Iran will no longer share CCTV footage from its nuclear sites with the International Atomic Energy Agency, state media reported as the head of the UN body arrived for talks.
The nuclear watchdog's chief, Rafael Grossi, arrived overnight on Saturday for the first talks since Ebrahim Raisi, Iran’s new hardline president, took office.
Mr Grossi is seeking to ease tensions between Iran and the West that have risked scuppering the talks to remove US sanctions in exchange for Iran returning to compliance with a 2015 nuclear deal signed with world powers.
The IAEA and Iran's envoy to the agency said Mr Grossi would meet the new head of the Atomic Energy Organisation of Iran, Mohammad Eslami.
The IAEA informed member states this week that there had been no progress on two key issues: explaining uranium traces found at several old, undeclared sites and getting urgent access to monitoring equipment so that the agency can continue to keep track of parts of Iran's nuclear programme.
Earlier this month, the IAEA in a report said that Iran has continued to increase its stockpile of highly enriched uranium.

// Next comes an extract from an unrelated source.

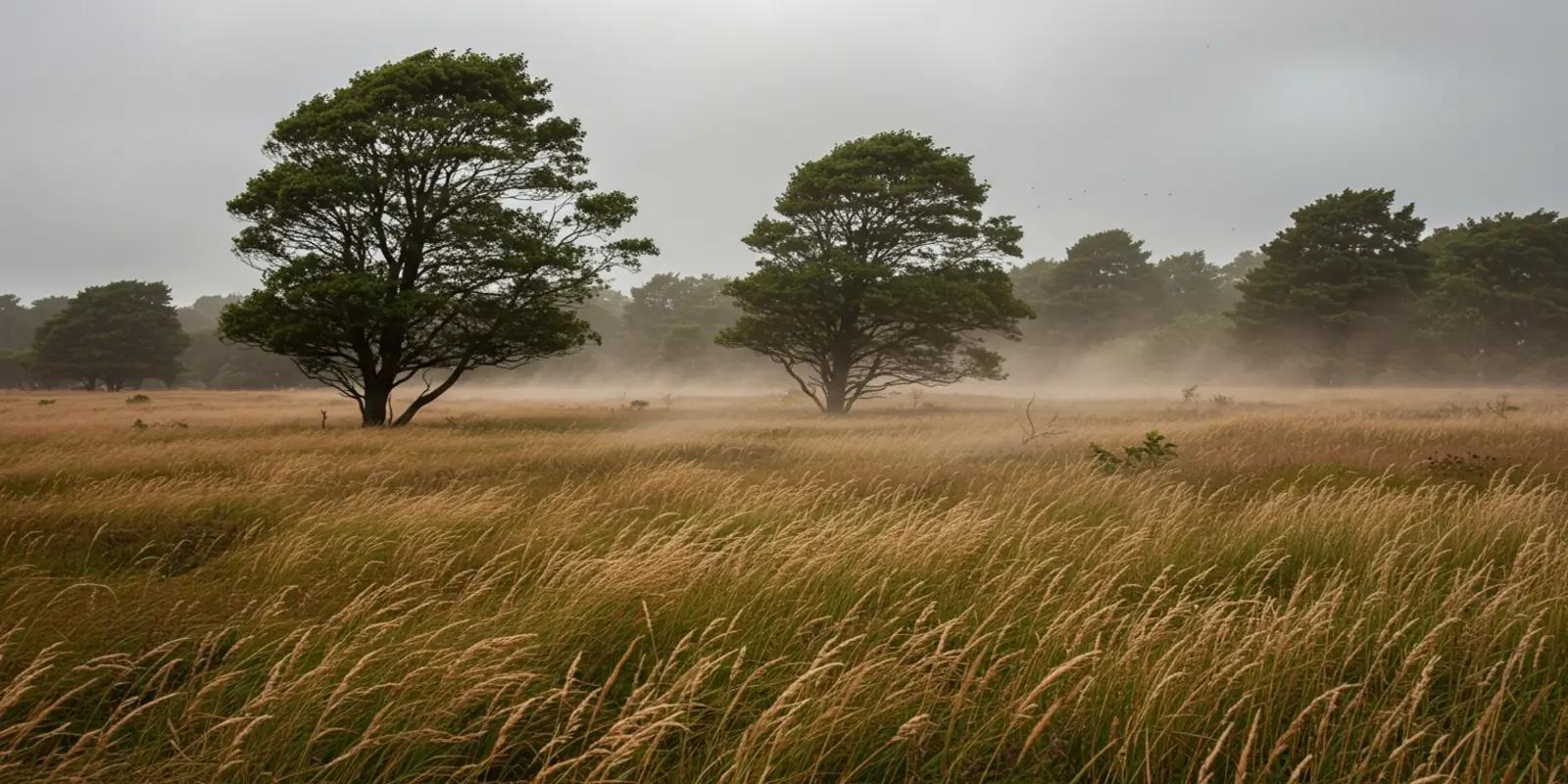 A landscape with tall, dry, golden-brown grass in a field being blown by the wind, creating motion blur. A light mist or fog is visible, particularly around several green trees scattered across the field, and appears to be moving or being dispersed by the wind.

It also said that verification and monitoring activities had been “seriously undermined” since February, after Iran refused to let inspectors access IAEA monitoring equipment.
Mr Raisi has insisted that his country is being "transparent".
Iran previously shared surveillance footage from its nuclear sites with the IAEA and extended the arrangement temporarily in May, after an agreement lapsed, before cutting off access a month later.
Iran’s Press TV tweeted that the footage would not be shared and that an “informed source rejects reports suggesting that Iran may reconsider [its] decision on IAEA access restrictions."
Separate, indirect talks between the US and Iran on both returning to compliance with the 2015 deal have been suspended since June.
Washington and its European allies have urged Mr Raisi's administration, which took office in August, to return to the talks.
Under the 2015 deal between Iran and major powers, Tehran agreed to restrictions on its nuclear activities in exchange for the lifting of sanctions.
Then president Donald Trump pulled the US out of the deal in 2018, reintroducing painful economic sanctions.
Iran responded starting in 2019 by breaching many of the deal's core restrictions, like enriching uranium to a higher purity, closer to that suitable for use in nuclear weapons.
Western powers must decide whether to push for a resolution criticising Iran and raising pressure on it for stonewalling the IAEA, at next week's meeting of the agency's 35-nation board of governors.
A resolution could jeopardise the resumption of talks on the deal, as Tehran bristles at such moves.
Countries on the IAEA board of governors will be watching Mr Grossi's visit to see whether Iran yields either on granting access to the monitoring equipment, or if it offers the prospect of answers on the uranium particles found at the undeclared former sites.